Corruption scandals grip Morocco as governments pledge to fight scourge

Sunday 09/07/2017
Widespread anger. Protesters demonstrate against government corruption and official abuse of power in Rabat, last June. (AP)

Casablanca- The arrest of an elected official on corruption charges is the latest in a series of scandals grip­ping Morocco despite the government’s efforts to fight the scourge.
Zine El Abidine el-Howass, a deputy and president of the mu­nicipality of Had Soualem in Ber­rechid province, was charged with blackmail, falsification, forgery and corruption. He is accused of manip­ulating public records for personal profit.
Reports said 170 million dirhams ($17.4 million) had been seized at the deputy’s home, prompting widespread anger among Moroc­cans. The General Directorate for National Security (DGSN) denied the allegations.
Mohamed Tarek Sbai, the head of the National Body for the Pro­tection of Public Property, told the HuffPost Maroc that Howass “has 30 million dirhams ($3.1 million) in his bank account.” He added that the deputy does not have a good reputation.
Howass, from the Independence Party, allegedly engaged in abuse of power as president of the munici­pality of Had Soualem. A complaint filed against him by a property de­veloper alleges he demanded ap­proximately $83,000 in exchange for authorising the construction of a residential building.

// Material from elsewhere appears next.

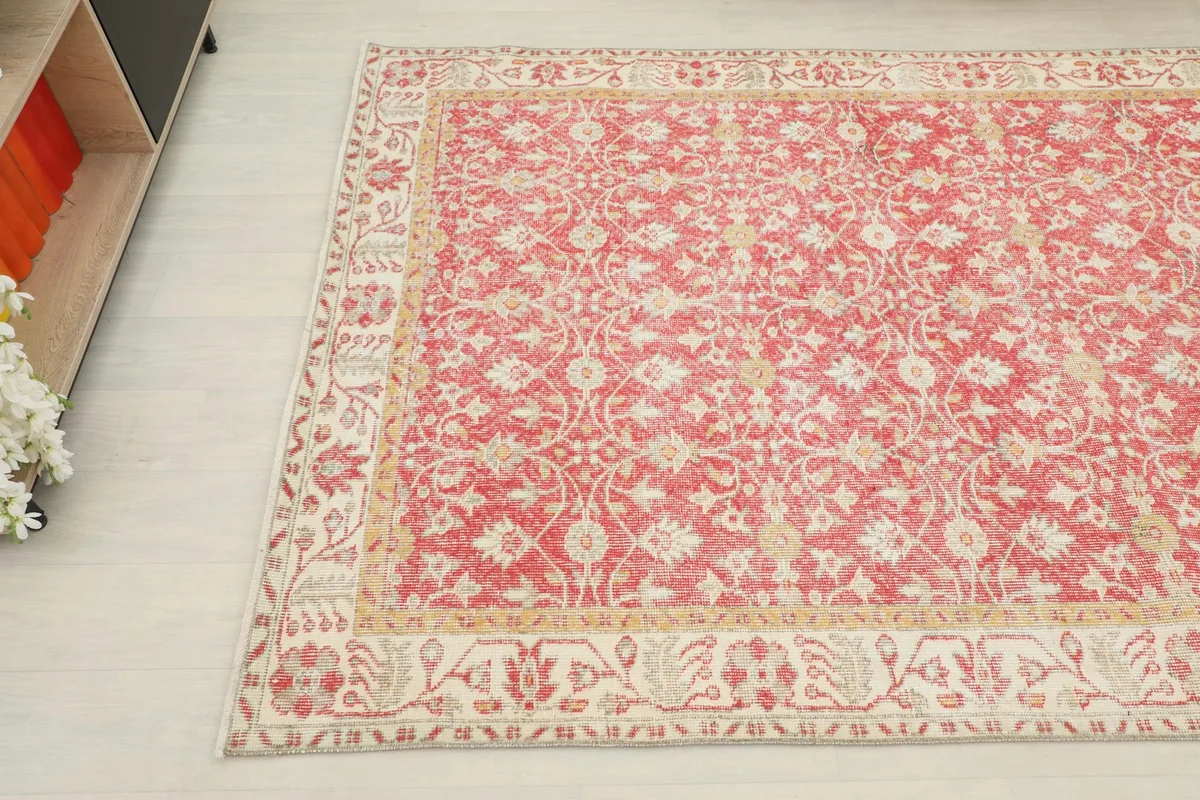 Detailed corner view of the red rug, highlighting the intricate floral and geometric patterns.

The news triggered widespread condemnation on social media, with the hashtag (“Where is the Wealth?”), a reference to a speech given by Morocco’s King Moham­med VI three years ago, trending.

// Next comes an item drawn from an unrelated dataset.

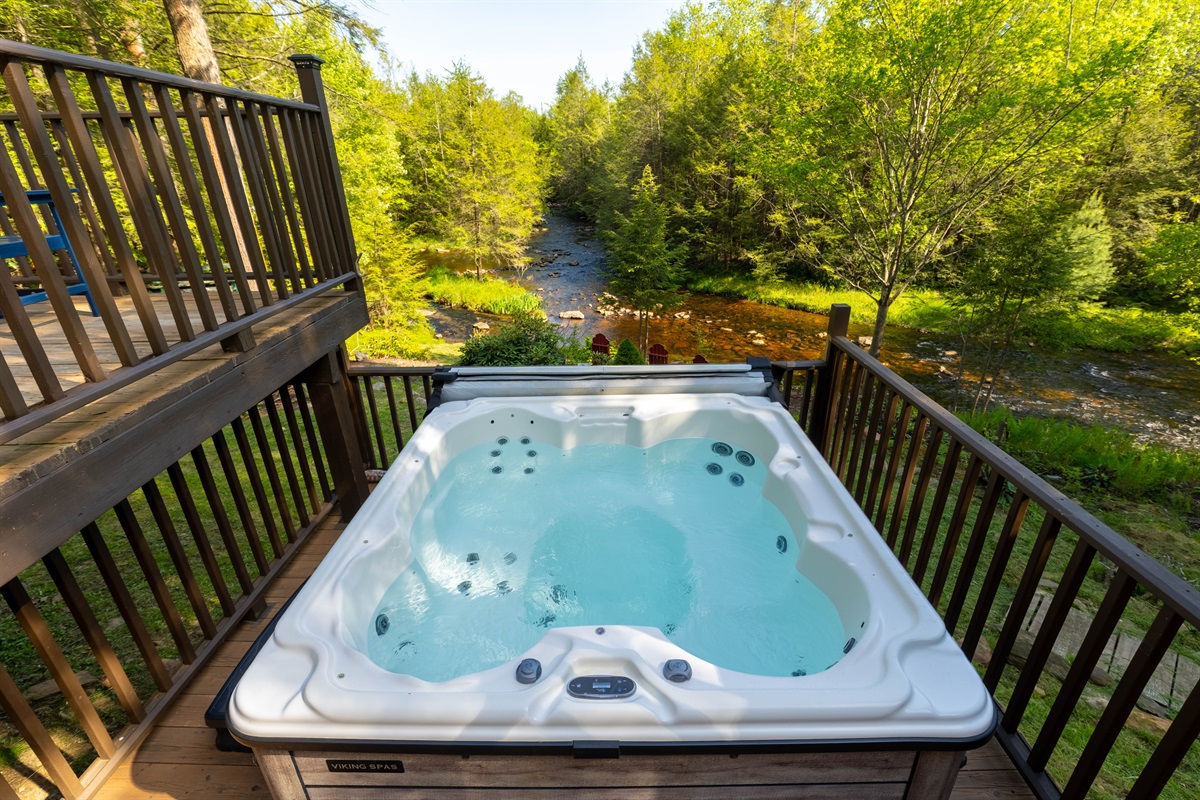 Unwind in the private hot tub while listening to the river flow just beyond the deck.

“Where is the wealth and who is benefiting from it?” the king asked during a speech that marked his ac­cession to the throne.
“Cleansing corruption is like cleaning the stairs. It starts from top to bottom,” tweeted Mohamed Elkammouri.
Morocco was tied for 90th — No. 1 being the least corrupt — out of 175 countries, on the “2016 Corruption Perceptions Index” compiled by Transparency International.
In an interview aired on Al Aoula television, Moroccan Prime Min­ister Saad Eddine El Othmani said his government was taking the fight against corruption seriously.
“We take the reports of the Court of Auditors very seriously,” he said, adding that several officials had been arrested and brought to jus­tice.
The second phase of the country’s National Anti-Corruption Strategy 2017-20, part of the government’s plan to significantly reduce corrup­tion, began after the results were re­leased of the programme’s start-up phase.
“The anti-corruption strategy took the time needed to be put in place and the committee will be set up in the coming weeks with de­fined objectives and means,” said Othmani.
He insisted that, to win the fight against corruption, all citizens must cooperate.
“I insist that the fight against cor­ruption is a mission of all, as proven by the last cases… The prosecutor’s office can now investigate simple press articles if they are well done,” he said.
The previous Islamist-led govern­ment, which made the fight against corruption one of its top priorities, was not able to stem the problem despite taking extensive measures, including setting up a hotline to report corruption, which received nearly 800 calls daily.
Abdessalam al-Aziz, secretary-general of the National Ittihadi Con­gress (CNI) said the culture of cor­ruption was deep and had long been part of the system.
“Corruption exists in all sec­tors. It is not being fought vig­orously despite the creation of anti-corruption institutions,” said Aziz. “It is getting worse one year after another despite the political campaigns and speeches to fight it.”
“The government must tackle all forms of corruption and educate people about its repercussions on society,” he added.